The simplest way to graph vectors is to use the appropriate commands in the VectorCalculus package. I prefer the Student VectorCalculus package because it is more forgiving with respect to the need for defining coordinate systems and coordinate-variable names.

The commands to use are PlotVector and RootedVector. The PlotVector command will graph various kinds of vectors, including ones defined simply with angle brackets: <1,2,3>. The RootedVector command will attach a starting point to the definition of the vector so that you don't have to make the adjustments needed when using either of the "arrow" commands in Maple, one in the plottools package, and one in the plots package.

In addition to these two commands, I recommend the PositionVector and PlotPositionVector commands. The PositionVector command is for defining a curve or surface as a position vector. The PlotPositionVector command then draws the curve or surface, and admits the addition of arrows from a variety of vector fields defined along the curve or surface. These two commands are an extremely powerful and useful pair of visualization tools.

I have just completed an extensive project on surface curvature in which I installed the Student MultivariateCalculus package to get access to a CrossProduct and DotProduct command. I also used the alias command to define a shortcut to the commands I wanted in VectorCalculus. This way, I avoided the conflict between the simple dot and crossproduct operations in the MultivariateCalculus package, and the more entangled versions in VectorCalculus. So, I'd make calculations along the following lines.

with(Student:-MultivariateCalculus):
alias(VC=Student:-VectorCalculus):

A:=<1,2,3>:
B:=VC:-RootedVector(root=[1,2,3],<-2,3,1>):

VC:-PlotVector([A,B],color=[black,red],width=.1)

Took the function y=sqrt(1+x^2) (suggested by hyperbola, which has an asymptote), applied the asympt command to get its expansion about the point at infinity, and took the limit of the ratio of y to the first term in the asymptotic expansion, and got 1.

y:=sqrt(1+x^2);
asympt(y,x,2) # the "2" determines the order of the expansion. First term is x

limit(y/x,x=infinity)=1

In Windows, Control= will implement "Evaluate and Display Inline", and this option also appears in the Context Panel.

There are several errors and misconceptions in the post.

The with command should not be followed by a multiplication operator. It would be entered as with(VectorCalculus), for example.

There is no package named Linalg. There is a deprecated package "linalg" but please don't use that package - it's no longer supported.

There is a Jacobian command in both the VectorCalculus, and the Student:-MultivariateCalculus packages. But they have different syntax, so read the help pages.

There is no Jacobian command in the LinearAlgebra package, although there was a "jacobian" command in the old linalg package.

The page "Definition,curvature" is from a third-party work that Maple incorporated into its help system many years ago.

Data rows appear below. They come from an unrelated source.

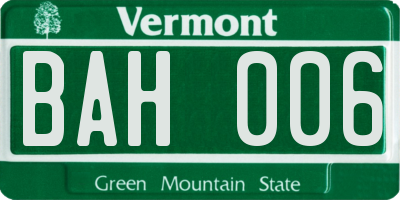 VT license plate BAH006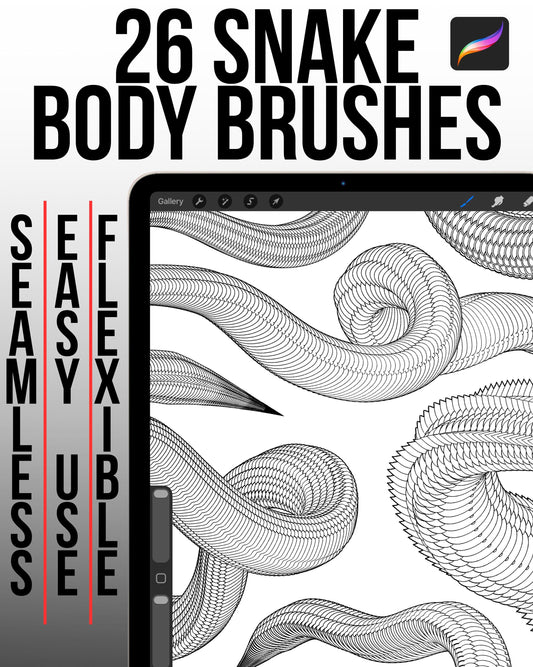 26 Snake & Dragon Procreate Brushes: Controlled and Free Flow Body Brushes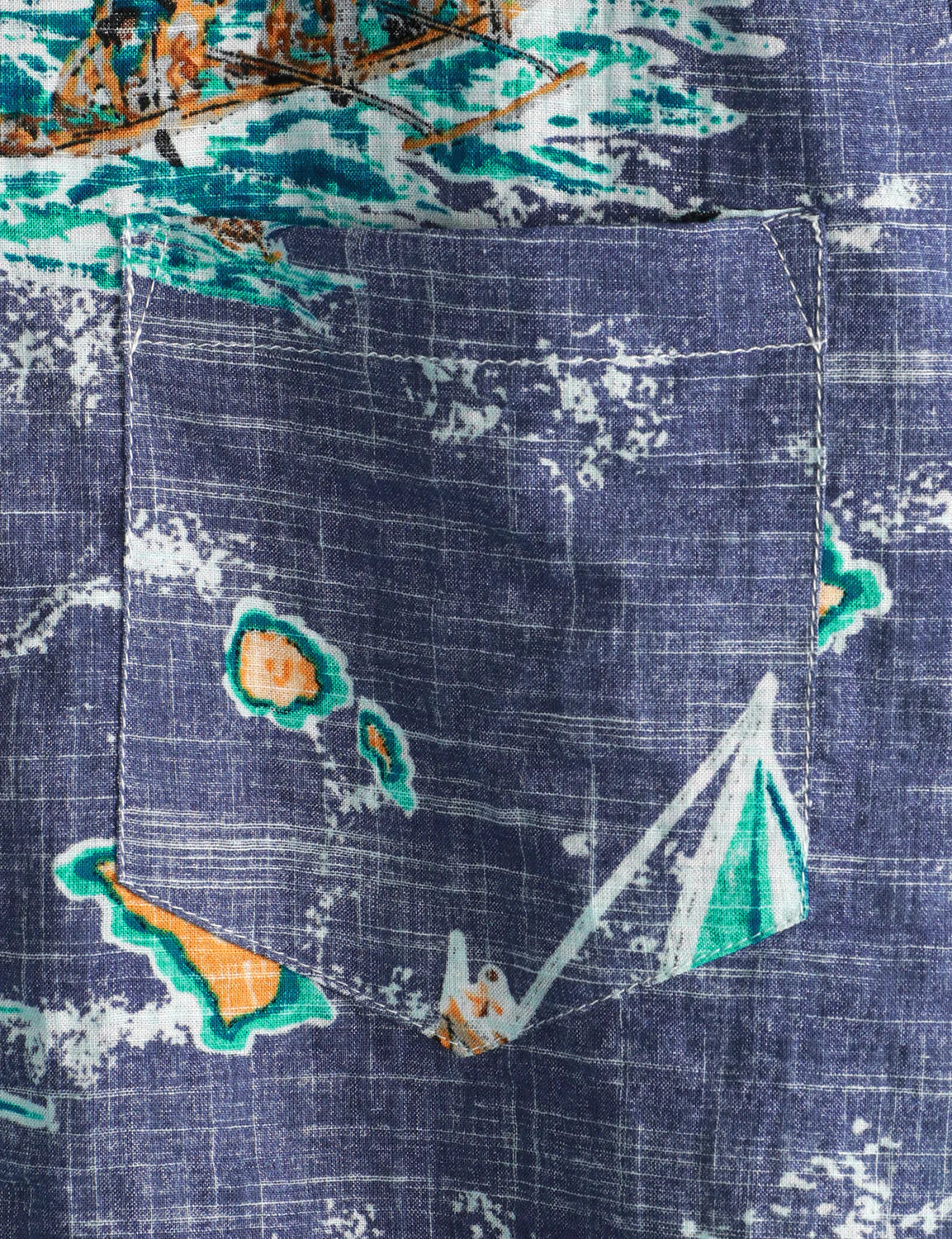 Men's Cotton Navy Blue Hawaiian Islands Cruise Beach Button Up Pocket Summer Short Sleeve Aloha Shirt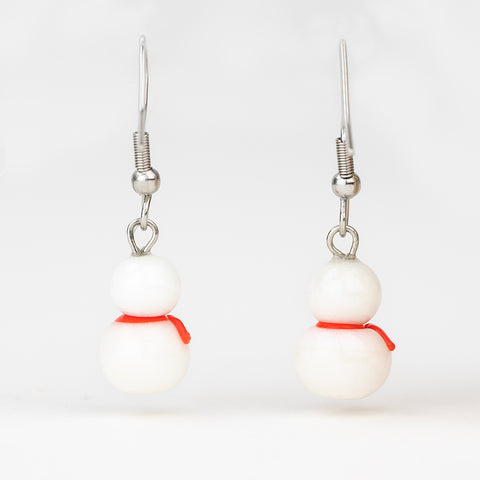 Christmas-themed handmade glass earrings for girls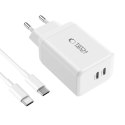 TECH-PROTECT NC45W-GAN 2-PORT NETWORK CHARGER PD 45W + TYPE-C CABLE WHITE Tech-Protect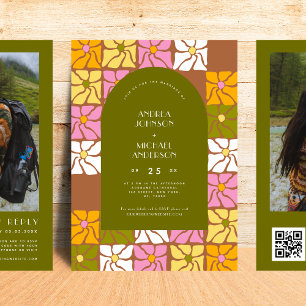 Groovy Hippie Floral Boho Arch QR Code Wedding     Invitation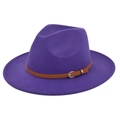 Detail view of purple wool fedora with brown faux leather belt and metal buckle strap - M(56-58cm) / Purple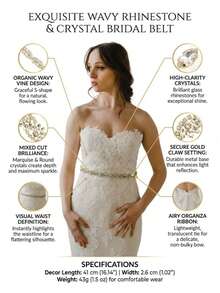 Gold Rhinestone Bridal Belt, Crystal Leaf Vine Wedding Sash, Elegant Evening Dress Waist Accessories - Gold - View 8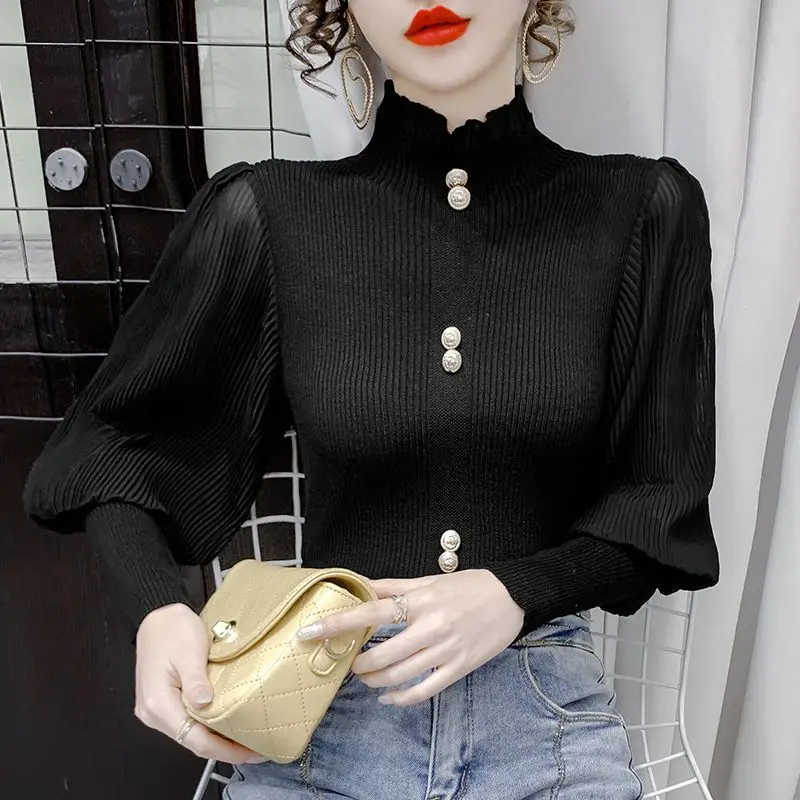 Women\'s Pullover Solid Long Sleeve Button Sweater Half High Collar 2023 Spring and Autumn Korean Puff Sleeve Ruffles Knit Tops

There is no guarantee that the definitions the Maple developers use when coding procedures match the definitions in that third-party work.

That being said, newer calculus books typically define curvature with |y"| in the numerator, so the curvature is always positive. This is in keeping with the generalization to higher dimensions where curvature of a space curve is defined as the length (necessarily positive) of a "curvature" vector.

I had an old calculus text (1927?) that defined plane curvature with just y" in the numerator, so there has been a drift in what is taken as "correct" over the years.